By Laura McKillip Wood
I came to Christian Fellowship North soon after I moved. I was in a very difficult and dark place in my life. My relationship had just collapsed, I had moved to a new city and started a new job, leaving family and friends on the other side of the country. For the first few months I came in and out, with no energy to talk to anybody. I just talked to God.
One Sunday I sat on a chair somewhere at the back of the room, immersed in my thoughts, tears pouring down my face. It was cold, and I wore a scarf that had slipped down my arm. I was struggling to pull it back around me. Suddenly I felt a gentle touch. A woman sitting behind me took the scarf and gently wrapped it around my shoulders saying, “Maybe I can help you.” It was a little thing, but at that point I knew her hand was God’s hand, caring and looking after me, saying that everything was going to be alright.
It’s been six years since that day, and he has never stopped caring. Step by step, I started to get out of my shell, talking to people, trying to give back this gentle touch that showed me that God cares. He cares through his church. My church.
Eva sounds like a young Christian woman in a church in America’s heartland. But she isn’t. She attends Społeczność Chrześcijańska Północ, translated as Christian Fellowship North, in Warsaw, Poland.
In October 2001, Christian Fellowship North (CFN) began as a daughter church of Christian Fellowship Pulawska, also in Warsaw. The leaders of the older congregation have a passion for planting new churches and dreamed of starting one in another district.
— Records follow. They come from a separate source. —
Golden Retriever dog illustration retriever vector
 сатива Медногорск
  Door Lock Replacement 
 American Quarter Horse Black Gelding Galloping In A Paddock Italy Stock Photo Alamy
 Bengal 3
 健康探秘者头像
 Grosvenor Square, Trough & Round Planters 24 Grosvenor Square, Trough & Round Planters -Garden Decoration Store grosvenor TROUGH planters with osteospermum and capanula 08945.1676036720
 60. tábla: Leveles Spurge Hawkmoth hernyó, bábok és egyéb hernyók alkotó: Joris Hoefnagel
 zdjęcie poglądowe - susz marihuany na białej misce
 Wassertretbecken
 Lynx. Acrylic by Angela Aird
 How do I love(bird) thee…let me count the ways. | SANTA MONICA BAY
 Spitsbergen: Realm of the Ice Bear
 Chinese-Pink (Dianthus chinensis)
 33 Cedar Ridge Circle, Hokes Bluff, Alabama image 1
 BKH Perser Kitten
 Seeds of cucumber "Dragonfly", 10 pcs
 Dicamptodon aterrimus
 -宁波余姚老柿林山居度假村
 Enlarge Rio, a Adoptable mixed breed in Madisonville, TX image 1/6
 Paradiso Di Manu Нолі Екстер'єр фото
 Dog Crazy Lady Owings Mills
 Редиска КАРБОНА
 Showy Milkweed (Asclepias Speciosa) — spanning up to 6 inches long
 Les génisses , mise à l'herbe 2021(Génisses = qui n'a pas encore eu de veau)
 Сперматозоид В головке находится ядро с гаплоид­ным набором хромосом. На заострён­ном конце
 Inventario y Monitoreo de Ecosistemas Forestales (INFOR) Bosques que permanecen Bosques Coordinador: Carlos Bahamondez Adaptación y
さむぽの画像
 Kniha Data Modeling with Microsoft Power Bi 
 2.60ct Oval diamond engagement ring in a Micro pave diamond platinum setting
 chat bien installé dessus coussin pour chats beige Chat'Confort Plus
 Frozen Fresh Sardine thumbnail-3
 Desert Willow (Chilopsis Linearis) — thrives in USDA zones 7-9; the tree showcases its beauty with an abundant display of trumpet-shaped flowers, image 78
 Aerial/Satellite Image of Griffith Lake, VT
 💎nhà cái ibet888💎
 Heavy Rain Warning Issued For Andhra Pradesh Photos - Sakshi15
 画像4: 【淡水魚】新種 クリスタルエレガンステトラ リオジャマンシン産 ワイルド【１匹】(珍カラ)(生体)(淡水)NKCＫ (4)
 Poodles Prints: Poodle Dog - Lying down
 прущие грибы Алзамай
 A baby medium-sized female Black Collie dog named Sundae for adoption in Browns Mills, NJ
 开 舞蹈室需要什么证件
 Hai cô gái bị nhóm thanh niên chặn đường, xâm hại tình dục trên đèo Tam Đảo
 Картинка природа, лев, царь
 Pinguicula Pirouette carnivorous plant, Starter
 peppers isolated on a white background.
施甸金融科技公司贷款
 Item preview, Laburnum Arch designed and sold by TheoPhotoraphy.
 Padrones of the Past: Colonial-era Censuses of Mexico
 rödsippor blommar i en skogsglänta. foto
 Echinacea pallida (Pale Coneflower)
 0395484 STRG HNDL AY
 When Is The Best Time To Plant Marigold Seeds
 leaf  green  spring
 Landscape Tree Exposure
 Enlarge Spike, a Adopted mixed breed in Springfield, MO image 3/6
The youth pastor there, Krzysztof Zareba, eventually was chosen as lead pastor of the new church.
From its humble beginnings in the conference room of a local business, CFN has grown exponentially. Initially, this congregation leaned heavily on its parent church, but baptisms happened frequently and new believers actively began taking part in the life of the church, so it grew quickly. Within three years, Christian Fellowship North became an independent church, moved to a bigger location, and began its own daughter congregation in a southern district of Warsaw.
A New Location
In 2013, CFN’s leadership took a leap of faith. They kept outgrowing rented facilities so they needed a new place to meet. They dreamed of becoming a cultural center and serving the community with their property and through relationships built with people from the neighborhood. They found a building for sale that previously had housed a technical college. It had the potential to become a new home for the church family, but CFN did not have the funds necessary to purchase the building.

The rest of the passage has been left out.